The Commercial Register Law provides that all registrations must be
renewed every 5 years. Once a person, company, or partnership is
registered, it must put its trade name, place of registration and
registration number on the front of its premises and on all its
correspondence (Article 5 of Commercial Register Law).
The penalties for violating the provisions of the Commercial
Register Law are set forth in the Ministerial Decision Implementing
that Law and range from a fine of £E 10-100 to three months - two
years imprisonment and/or a fine between £E 100 - £E 500. (Articles
18 and 19 of the Ministerial Decision Implementing the Commercial
Registry Law).
VII. PUBLIC SECTOR
PROCUREMENT
Procurement by the Egyptian
Government and its agencies is governed by the Tenders and Auctions
Law No. 90 for the year 1983 (hereinafter referred to as the Tenders
Law). Article 1 of the Tenders Law provides that government
procurement of movables, services, and contracts for public works
and transportation is to be conducted by way of public tender
advertised for in accordance with the provisions of this law.
Article 1, however, carves out an exception to this general rule and
provides the procuring ministry or agency with the discretion, under
specific criteria, to procure by way of:
(i) limited tender;
(ii) local tender;
(iii) sole sourcing; or
(iv) direct purchasing.
Article 59 of the Tenders Law provides that the tenderer (whether a
natural or corporate person) for a public tender must be a resident
of Egypt or must have an Egyptian agent.
It is worth noting however, that the Cabinet approved a new tenders
law. One of the aims of the law is to make the awarding of public
sector contracts more transparent. In addition, it is believed that
criteria for awarding the contracts will include both cost of
production and the attainment of the requisite technical standard.
However, the law maintains the preference for local bidders, whereby
a local bidder will be considered to have the lowest bid so long as
its bid is not more than 15% higher than that of a foreign bidder.
VIII. MINISTRY OF DEFENSE
PROCUREMENT
Article 8 of the Tenders Law provides that the Ministry of Defense
(MOD) may, when necessary, procure by way of local tender, direct
contracting or sole sourcing. The MOD has adopted a policy
prohibiting the use of any commercial agent, consultant,
intermediary, or sales representative in connection with the
purchase of military equipment.
A breach of the MOD’s policy would probably be characterized as a
contractual breach of an administrative contract, assuming the MOD
includes a certificate or provision in the contract to the effect
that commissions and fees have not been included in the contract
price. The consequences of such a breach could range from deducting
the value of the commission or other compensation paid in violation
of its policy to annulling the contract or having it completed at
the contractor’s expense. Serious violators may also have their
names stricken from the list of approved suppliers.
IX. TAXATION
The Egyptian Cabinet approved a new unified corporate and income tax law on November 24, 2004. The new tax law (No.91/2005) was passed on June 8, 2005. It basically replaces Law 157 of 1981 and its successive amendments. It also replaces law 187 of 1993.

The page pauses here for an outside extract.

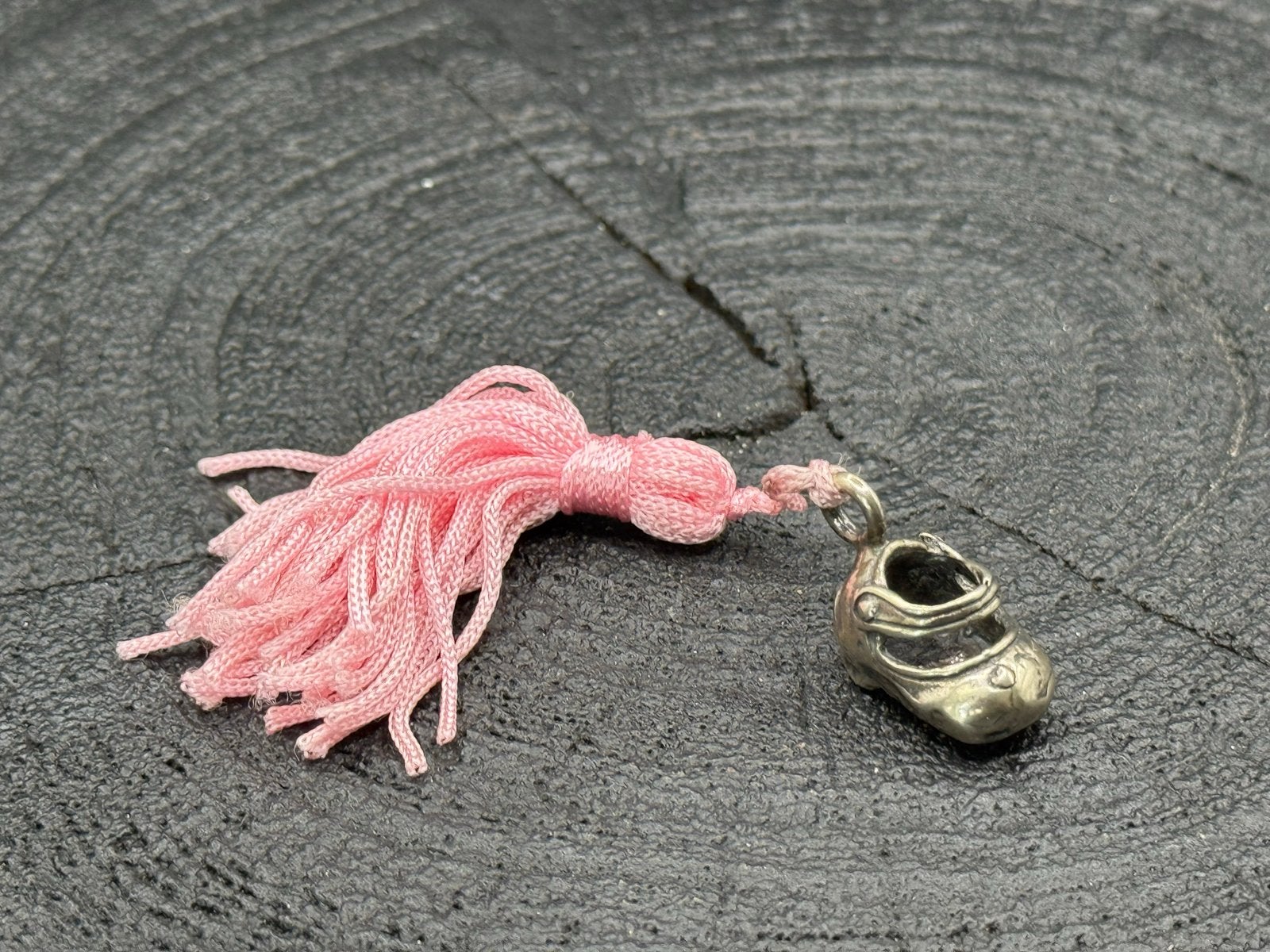 Zilveren miniatuur kinderschoentje met roze pluim, Verzenden, Zilver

It became effective starting July 1, 2005 for personal income. The corporate income tax became effective starting January 1st, 2006.
| New Law |
Tax |
Old Law |
Tax |
| Most Firms |
20% |
Standard Corporate Income Tax |
40% |
|
| Suez Canal Profits |
40% |
Industrial & Export Companies |
32% |
|
| Egyptian Petroleum Authority |
40% |
Oil Exploration & Production Companies |
40.55% |
|
| Central Bank of Egypt |
40% |
|
|
|
| Oil Exploration & Production Companies |
40.55% |
|
|
The new tax law impacted the investment law tax incentives provisions. The new tax law revoked articles 16, 17, 18, 19, 21, 22, 23-bis, 24, 25 and 26 of the Investment Guarantees and Incentives Law 8 of 1997.
Under the new tax law, exemptions as prescribed in the said articles shall remain valid for companies and establishments whose exemption period started before the effective date of the law, until the end of the period determined. Those companies that did not commence activities must do so within 3 years in order to avail themselves of those exemptions.